Supplied records →
###
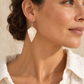 Cream Coconut Shell Earrings worn by a model - AI-assisted styling illustration; scale is illustrative. Original product photographs are included in the gallery.
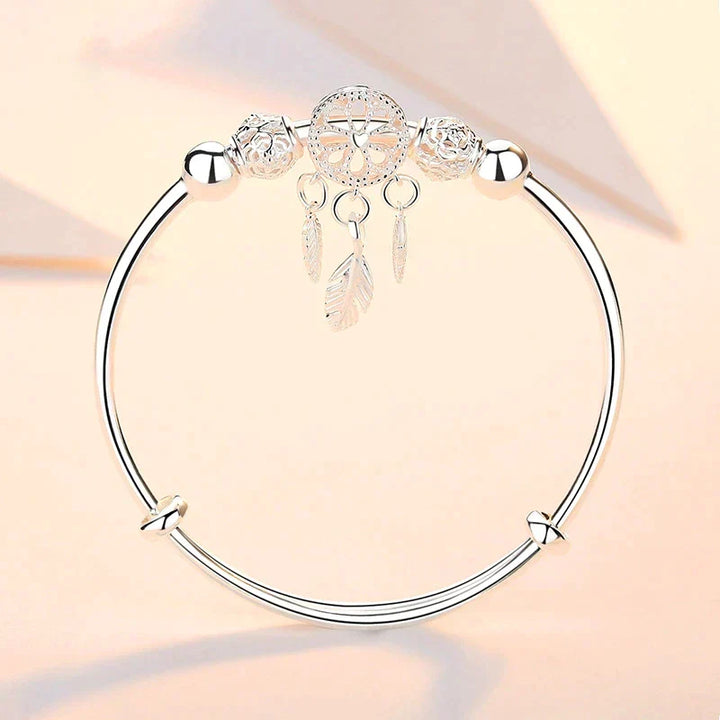 Spiritual sterling silver dreamcatcher charm bracelet, a thoughtful gift for protection & positivity.
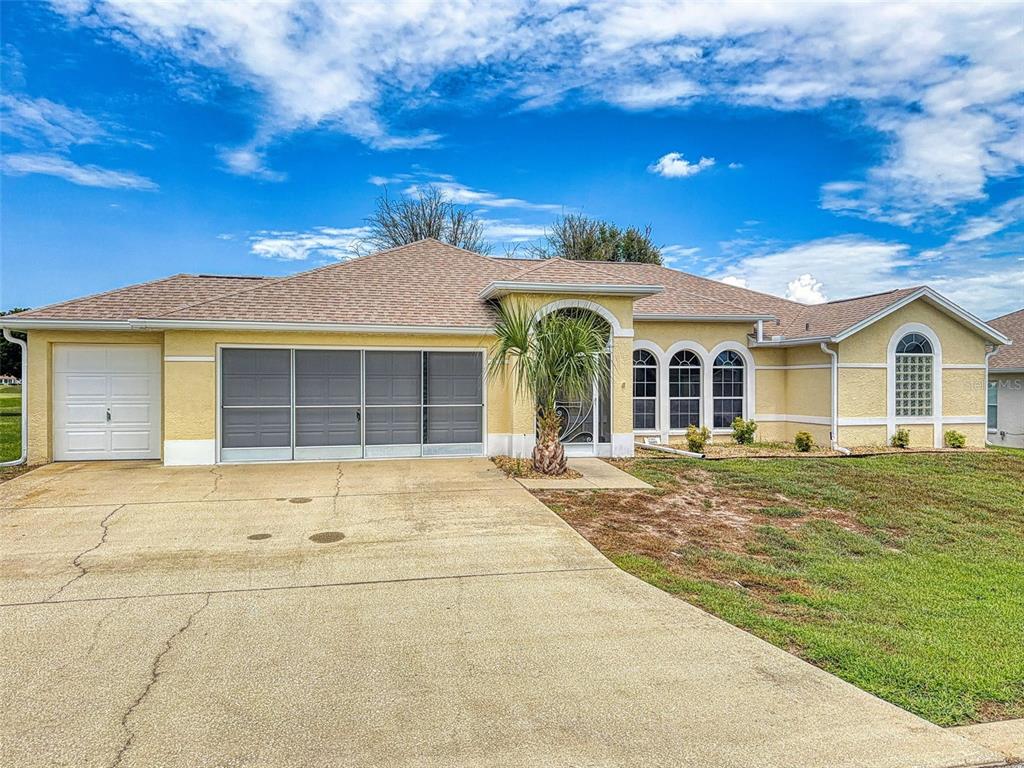 A yellow single-story house with a concrete driveway, a screened garage, and a tiled roof — 2089 NW 50TH CIRCLE, OCALA, FL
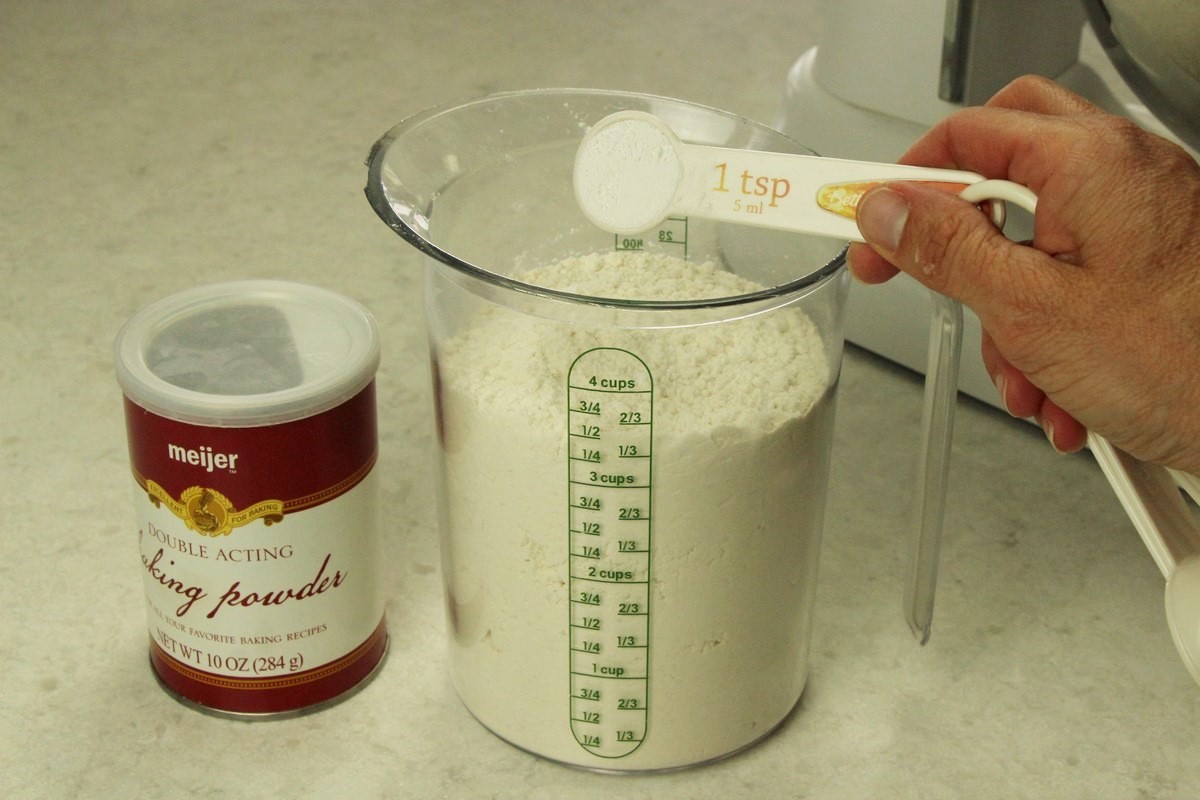 Measuring flour and baking powder for sugar cookie recipe.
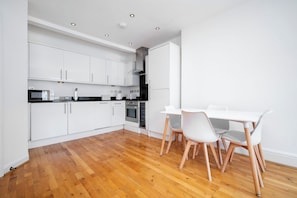 A modern kitchen with white cabinets, a black countertop, and a wooden floor. There is a dining table with white chairs. - Marylebone 2-Bed with Private Roof Terrace (London)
###
Task requirements → Skip all pictures. Write out only the lines from the one containing "Measuring flour and" to the end of the listing above, inclusive, exactly as given.

Written solution →
 Measuring flour and baking powder for sugar cookie recipe.
 A modern kitchen with white cabinets, a black countertop, and a wooden floor. There is a dining table with white chairs. - Marylebone 2-Bed with Private Roof Terrace (London)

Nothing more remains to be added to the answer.